SOUTHAMPTON was somewhat battered and bruised, but definitely not beaten, seventy five years ago this week after German Luftwaffe bombers carried out its second daylight bombing raid in successive days over the district.

In spite of the deadly cargo rained down over the town by the Nazis, there were thankfully no fatalities and few casualties , as the occupants of several houses had remarkable escapes and the damage done to the town was slight.

The most startling damage was at one Southampton residence where a huge crater, 25 feet in diameter, was made in the back garden of a large house in a suburb.

The bomb wrecked the back of the dwelling, smashed two green-houses, demolished a substantial brick wall, and threw large lumps of earth high over one of the greenhouses.

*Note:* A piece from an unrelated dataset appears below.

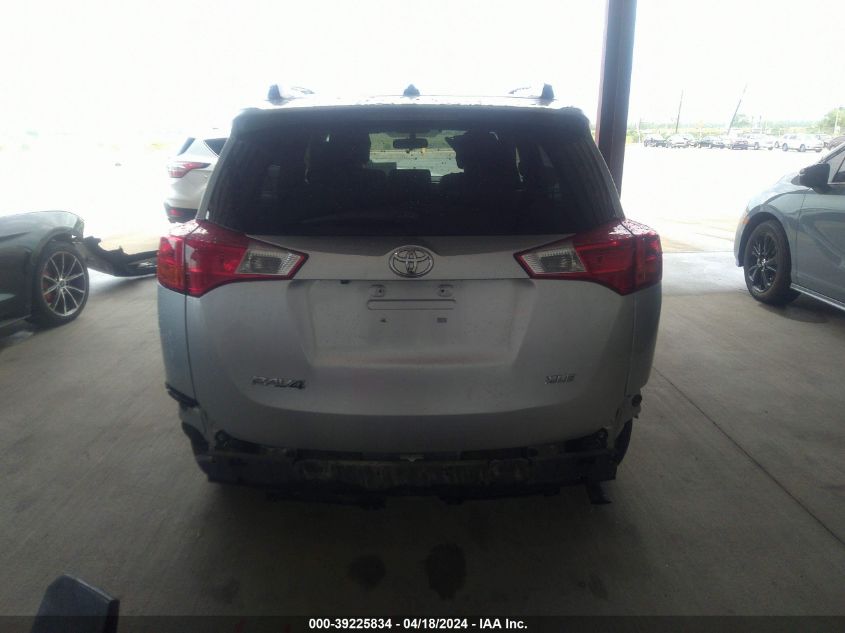 2015 Toyota Rav4 Xle VIN: JTMWFREV1FD048352 Lot: 39225834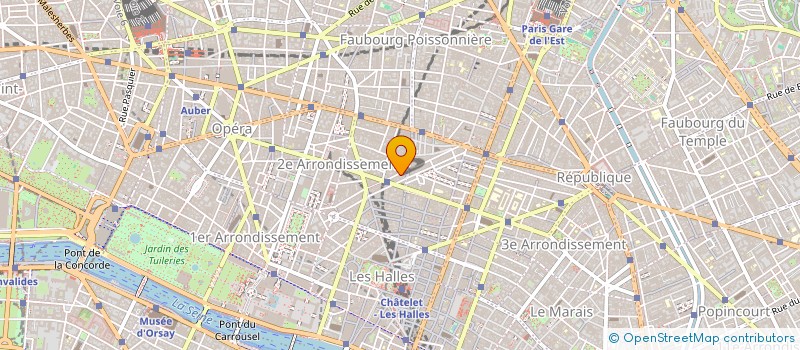 localisation de l'entreprise AGOCOM à PARIS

Remarkably the three persons inside the house, who were having tea at the time, escaped without a scratch. Speaking to the Daily Echo at the time, one of them said, "No sooner had we heard a screaming sound than we found ourselves on the floor. Whether we threw ourselves there instinctively, or were hurled by the blast I cannot say. Although the windows were blown in and a part of the wall fell down, we were, to our great surprise, unhurt."

Despite escaping with her life, the housewife was far more concerned with the damage the Fuhrer had caused to her vegetable patch. "Hitler has spaded my potato crop and just look at all my ‘bombfall’ apples!” the lady exclaimed, pointing to the bomb-blasted fruit strewn across her garden.

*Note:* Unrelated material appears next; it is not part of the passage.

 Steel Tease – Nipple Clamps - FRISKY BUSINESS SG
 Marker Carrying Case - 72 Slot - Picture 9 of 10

The crater was only about 10 yards from the room in which the occupants were taking tea, and it is thought that a brick wall, which was partly demolished, saved them from the full effect of the blast. Apples were shaken from trees in vast quantities, and a vine in one of the greenhouses was destroyed. "Our coal is under there," said one of the occupants, pointing to a pile of debris.

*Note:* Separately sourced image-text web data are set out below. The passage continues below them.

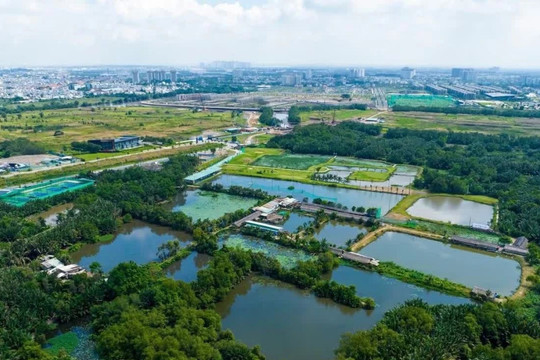 Diện mạo quy hoạch mới của 'siêu' khu đô thị 'treo' lâu đời nhất TPHCM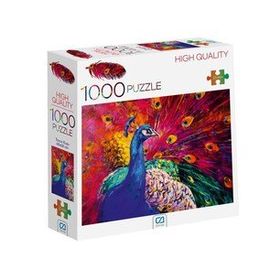 CA Games 7035 Tavus Kuşu 1000 Parça Puzzle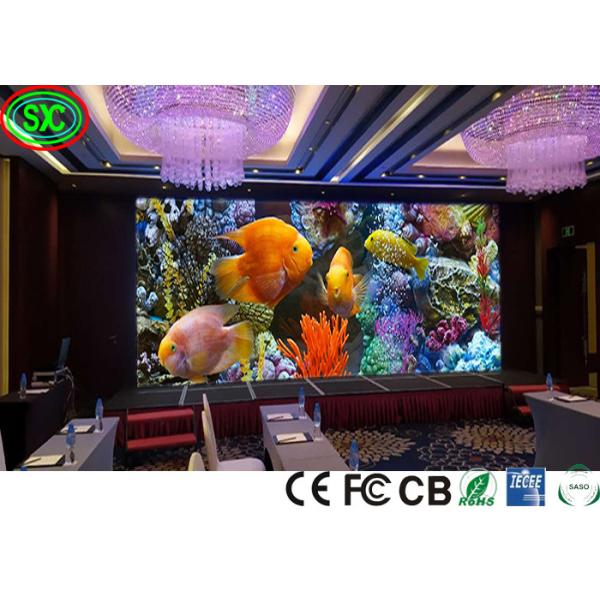 СИД этапа экранирует систему Новы предпосылки стены крытого P4 512x512 mm шкафа HD видео-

The great value of Anderson shelters was again demonstrated in another suburb, where a bomb which fell only five yards from the shelter, demolishing the rear of the house and making a huge crater, caused no injury at all to three occupants of the shelter.

The wife of the occupier and her three years old son had been joined in the shelter by her next-door neighbour, who had returned from Australia five weeks ago. "We heard the scream of a bomb and a loud explosion, but had no idea until we came out of the shelter that the house was so badly damaged." she said. "It is the finest advertisement for an Anderson shelter that you could imagine. “Beyond being covered with dust, we were untouched. My little boy’s great concern was for his toy train.”

The bomb ripped off the back of the house and sent furniture hanging crazily from wrecked rooms that were left exposed by the blast. The Daily Echo also reported than an incendiary bomb had fallen on a tram track in the centre of a roadway in the heart of the town, but fortunately without serious consequence.